The sandhi splitter takes a word as String and a depth as integer as input. The sandhi splitter takes a word and first identifies which rules can be applied at which positions inside the word. It does so by comparing the rules against the word and position at hand, iterating through the word from left to right. The information from this step is saved in a table. The algorithm then steps through each entry of the table and generates a result by applying the rule specified by the entry at the specified position in the word. Each result self-validates itself. Self-validation results in the result becoming invalid if it contains words made up of improbable letter combinations. Each result has a confidence. Confidence is only calculated when required. Confidence is expressed as the number of words of the split found in the dictionary divided by the total number of words in the split. Depending on the parameter depth, the table is traversed again with the current result list. Indeed, depth specifies the maximal number of splits that should be executed, which correlates with the expected number of constituents in the compound. The introduction of this parameter seems indispensable, as in most cases the number of constituents of a compound is not known.

9.10.

Sandhi merger

The sandhi merger takes two or more words as String array as input. The sandhi merger merges two or more words. Internally, the words are merged pair-wise. The merger takes two words and identifies rules that are applicable to the word boundaries created

25

by the ending of word 1 and the start of word 2 and merges these two words. The results of this merge operation are merged with the remaining words in the same manner, using each word from the result list as word 1 and the next of the remaining words as word 2, creating a new result list.
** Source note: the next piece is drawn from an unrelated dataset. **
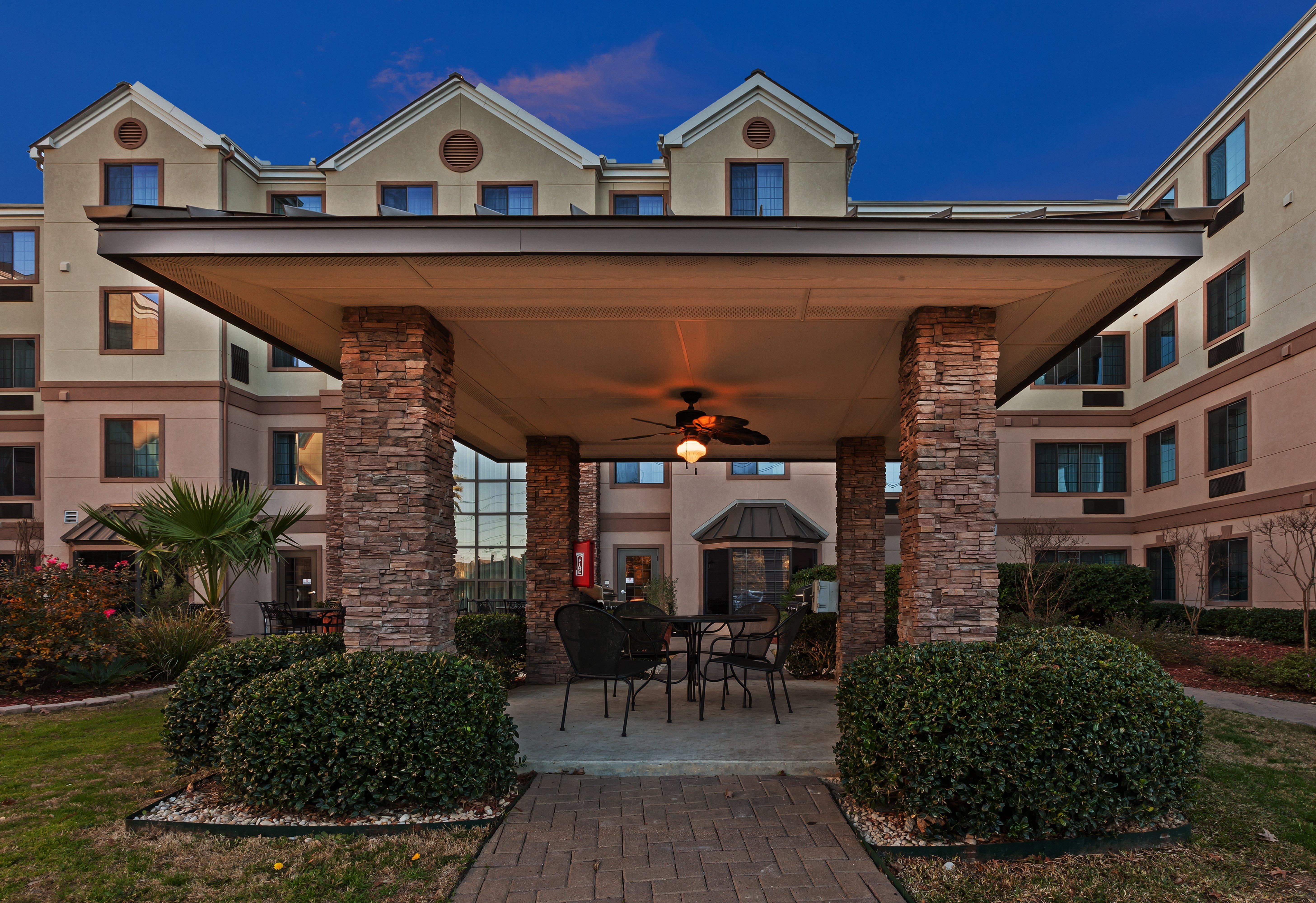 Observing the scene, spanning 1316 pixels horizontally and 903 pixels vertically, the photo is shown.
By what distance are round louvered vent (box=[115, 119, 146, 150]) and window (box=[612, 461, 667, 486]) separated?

This process continues until no words remain.

9.11.

Stemmer

The stemmer takes a word as String as input. A simple stemmer has been included as well. The stemmer simply removes all endings from a word, returning the stem of a word. The stem is not identical to the lemma of a word. Stemming is much faster than lemmatizing; in most cases, the result is not a grammatically valid word though. The stemmer retrieves all paradigm endings, discarding all other attached information. The stemmer recursively strips off endings from a word until the word contains no strippable endings anymore. The remaining stem is returned.

9.12.

API

A high-level application programming interface (API) has been implemented to provide easy access to the main functions of the system. The API contains static methods that call the relevant system modules. To use the Pali NLP system via the API, simply use PaliNLP from the package de.unitrier.daalft.pali. For example, to lemmatize, call: PaliNLP.lemmatize(“gavassa”); Alternatively, you can call the modules directly. The main modules are Lemmatizer, MorphologyAnalyzer, MorphologyGenerator, NaiveStemmer and SandhiManager. For example, to generate morphological forms using the MorphologyGenerator, call: MorphologyGenerator.generate(“go”); For a complete example of a simple program using the PaliNLP system, see Appendix 13.2.
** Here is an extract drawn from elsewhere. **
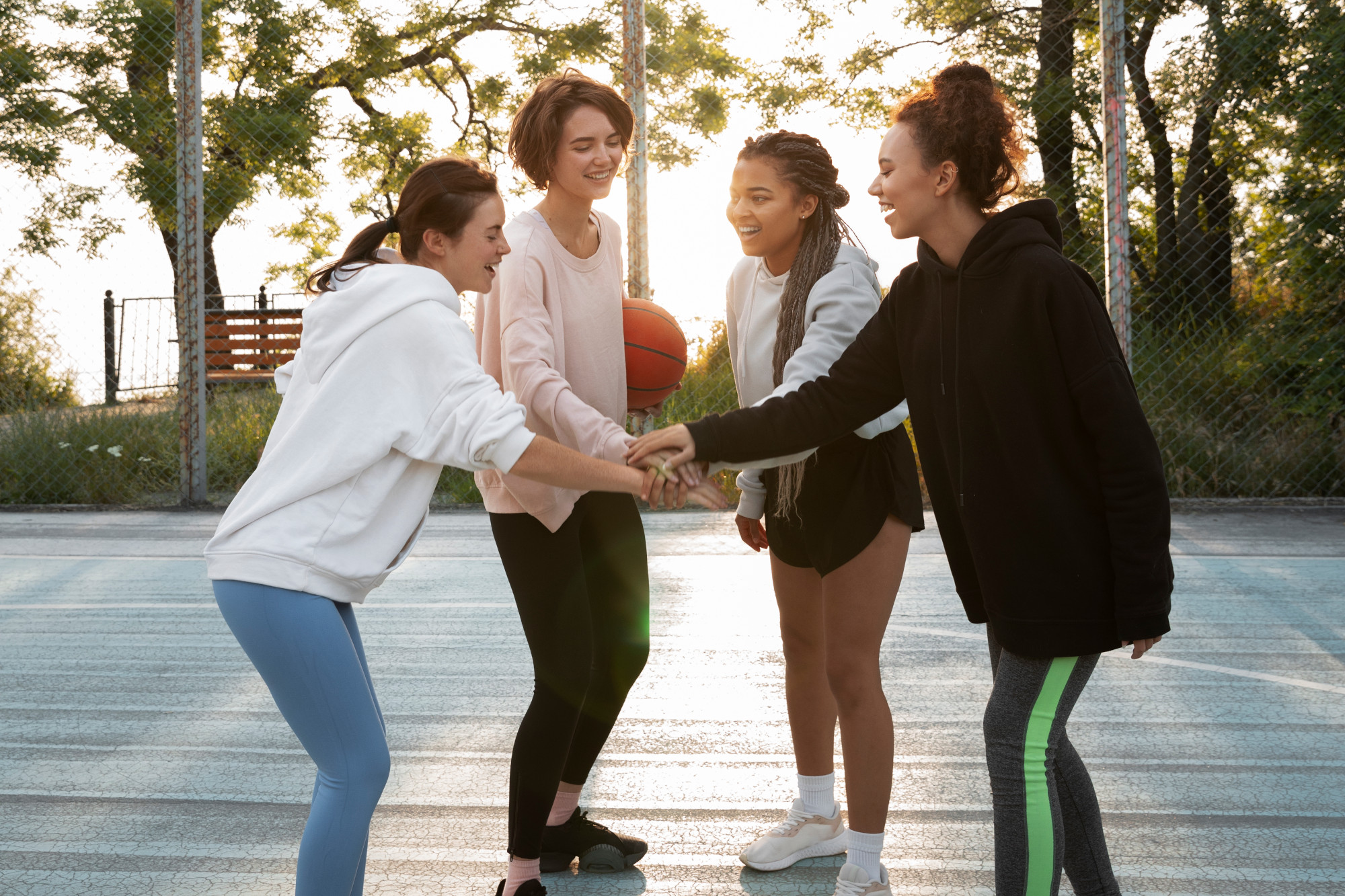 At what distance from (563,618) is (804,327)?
2.72 feet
10. Future work In the future, it would be desirable to further increase the functionality and accuracy of the presented system. Some areas could be improved by the inclusion of metathesis, dropping of syllables and epenthesis. Though some regular cases of metathesis and epenthesis are covered by the modules, not every case of metathesis or epenthesis could be covered. Another are that could need improvement is the Sandhi splitter. Compound words can only be split once

26

by the Sandhi splitter at the moment. Even though this might be sufficient to resolve the majority of compounds, a more exhaustive splitting module will probably be necessary. Another desirable evolution would be the development of a POS-Tagger for Pali, using the presented system as a basis. As mentioned earlier, POS-Tagging benefits from morphological information, and morphological analyzers benefit from POS-Taggers. This interdependency could be used to incrementally improve both systems as well as the quality and completeness of the dictionary. Lastly, using n-grams to check the validity of words could be implemented and evaluated. The current system uses simple, general rules to determine whether a word is valid or not. However, using n-grams could possibly yield more accurate results and graded results, since anagram analysis would allow to check words at a finer granularity and assign a probability to the validity, correlating with the frequency of the constituting n-grams.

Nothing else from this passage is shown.